Protective leaders plus a barracks makes for drill 2 archers right off the bat and allow for early drill 4. Charismatic leaders can also quickly get drill 4 archers due to the lower experience required. In a pure strength contest (combat promotions), defending archers are hard to beat, but with a significant amount of first strikes you are guaranteed to do some damage and whittle down the defenders. This is why archers are almost as good as axemen, because axemen don't get first strikes.

It's amazing how much time is saved not looking for horses/copper and not worrying about roads and connecting resources. Just get some production going in your capital, build a barracks and make archers to rush your neighbor; it works. I completely destroyed a creative neighbor on (Warlords) Monarch this way when I was fenced in as the Persians with no horses or metal and I had a force of drill 3 and drill 4 archers by the time I was done. That was after researching the techs to look for metals and horses; think about if I had just gone straight for archers. It's a guaranteed strategy as long as you aren't up against protective leaders yourself.
 
Maybe mix protective with aggressive for the free combat1? or do archers not get that?

Archers dont get the aggressive traits free Combat I. It's for Melee and gunpowder units only, IICR.
 
Play whoever has these two traits, of China. Grab MC early and head for Machinery before any enemies have longbows and start kickin their butts. Chokonus with DI-IV kicksass...
 
Play whoever has these two traits, of China. Grab MC early and head for Machinery before any enemies have longbows and start kickin their butts. Chokonus with DI-IV kicksass...

Or the best of all: a Churchill archer rush. Protective and charismatic gives you drill 4 archers in no time, which you store away for upgrading to redcoats. Aelf tried to get drill 4 crossbows for this purpose but an early archer rush will net you more drill 4 troops.
 
Aggressive has half-priced barracks, so you tokugawa can start immediately with cover.
 
Aggressive has half-priced barracks, so you tokugawa can start immediately with cover.

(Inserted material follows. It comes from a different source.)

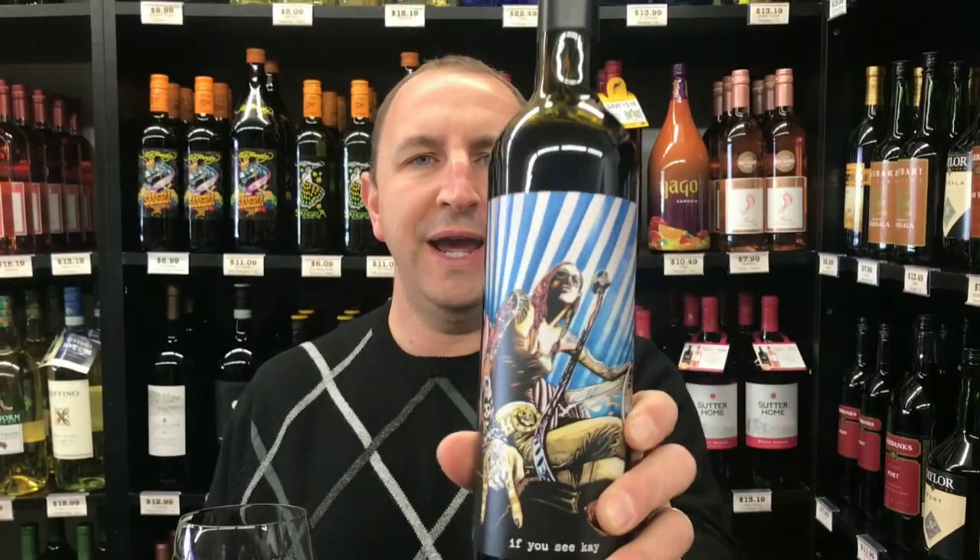Hi, welcome to One Minute of Wine, I'm Tim. Today I have FYSK red wine — this is a blend from Paso Robles, California: Cab, Petit Syrah, Petit Verdot, and something else, a hodgepodge of grapes from Paso Robles.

Cover only adds strength, though, and I don't think that is the point because axemen or chariots have far more strength. I think the advantage of archer rushing is the ability to accumulate huge amounts of first strikes with drill promotions, which gives you the chance to damage or defeat opponents without having to have a decisive strength advantage. I don't know how the math works out and I haven't done tests, but I found that drill 3/4 archers were an extremely effective rushing force even compared to the amount of axes that the same hammers could have produced. Being able to produce them earlier and without resources along with the synergies for protective/charismatic leaders is only icing on the cake that makes the rush all the more appealing.
 
Or the best of all: a Churchill archer rush. Protective and charismatic gives you drill 4 archers in no time, which you store away for upgrading to redcoats. Aelf tried to get drill 4 crossbows for this purpose but an early archer rush will net you more drill 4 troops.

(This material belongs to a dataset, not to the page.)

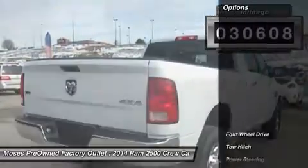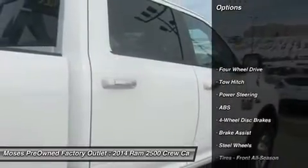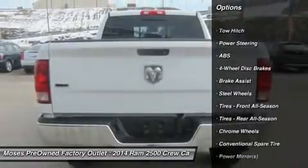Sometimes the fun doesn't begin until the pavement ends, which helps make the off-road ability of this Ram 2500 SLT so appealing.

Drill 4 Archers still have only strength 3. Compare that to a CG II archer on a hill and the defender will have 3 (+45% +50% +50% +25%) = 3 x 2.7 = 8.1

Sure, you have a few free swings at your opponent, but they're all strength 3 vs. strength 8.1 and that's not even counting culture.

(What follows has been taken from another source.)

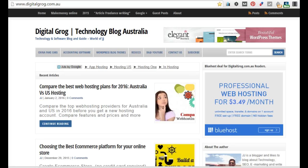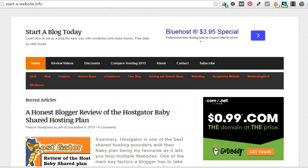At DigitalGrog, we have done all the hard work for you with in-depth reviews for hosting in 2016. You can find a detailed pricing comparison and blog creation tutorials to get you started. Check out our helpful blog links below this video for in-depth reviews and tutorials and get started today.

Even if you compare your Drill IV archer against a standard Acher with no promotions at all in a city with no hill, no culture and no walls or castle, you're still looking at strength 3 vs. strength 4.5. 3 free swings and 3 free chances at a swing aren't going to do you much good there.

Archers attacking city = dead archers.
 
IMHO skirmisher rush is the only legitimate archer rush. I don't care how many drill promotions you add to your regular archers 33% increase in base strength will beat it. Still you'd better pick your target. I won't do it on any protective leaders. And besides people playing Mansa are generally busy going for the builder path or early religion, not many people will start his game researching hunting and archery.
 
Drill 4 Archers still have only strength 3. Compare that to a CG II archer on a hill and the defender will have 3 (+45% +50% +50% +25%) = 3 x 2.7 = 8.1

Sure, you have a few free swings at your opponent, but they're all strength 3 vs. strength 8.1 and that's not even counting culture.

Even if you compare your Drill IV archer against a standard Acher with no promotions at all in a city with no hill, no culture and no walls or castle, you're still looking at strength 3 vs. strength 4.5. 3 free swings and 3 free chances at a swing aren't going to do you much good there.

Archers attacking city = dead archers.

Defending archers that early in the game don't have CG2, and the whole point of the rush is that you catch enemy cities when they have low culture, no walls, and 2-3 archers tops. Easy to beat with 7-8 of your own, and if you think about how quickly you could amass 8 archers if you really tried, it's pretty quick. You will lose lots of archers each attack but the drill makes sure that you take some damage off, and eventually you break through. Each city you take can start producing archers itself without needing to be hooked up as well, so your force replenishes itself quickly. I've wiped out opponents three times on monarch like this, so I'm not posting a theoretical "what if" strategy, I'm just saying it has worked more than a few times without even really aiming for it, including for creative capitals and cities on hills.
 
protective archer rushes work, but they're a last minute resort in case you dont have horses or metals. It actually has about the same loss ratio as axemen. The one time i did it, i didnt lose very many of my archers. of course the AI was very close to me so my archers didnt have to travel far and i finished the ai off with swords from the iron i captured from him.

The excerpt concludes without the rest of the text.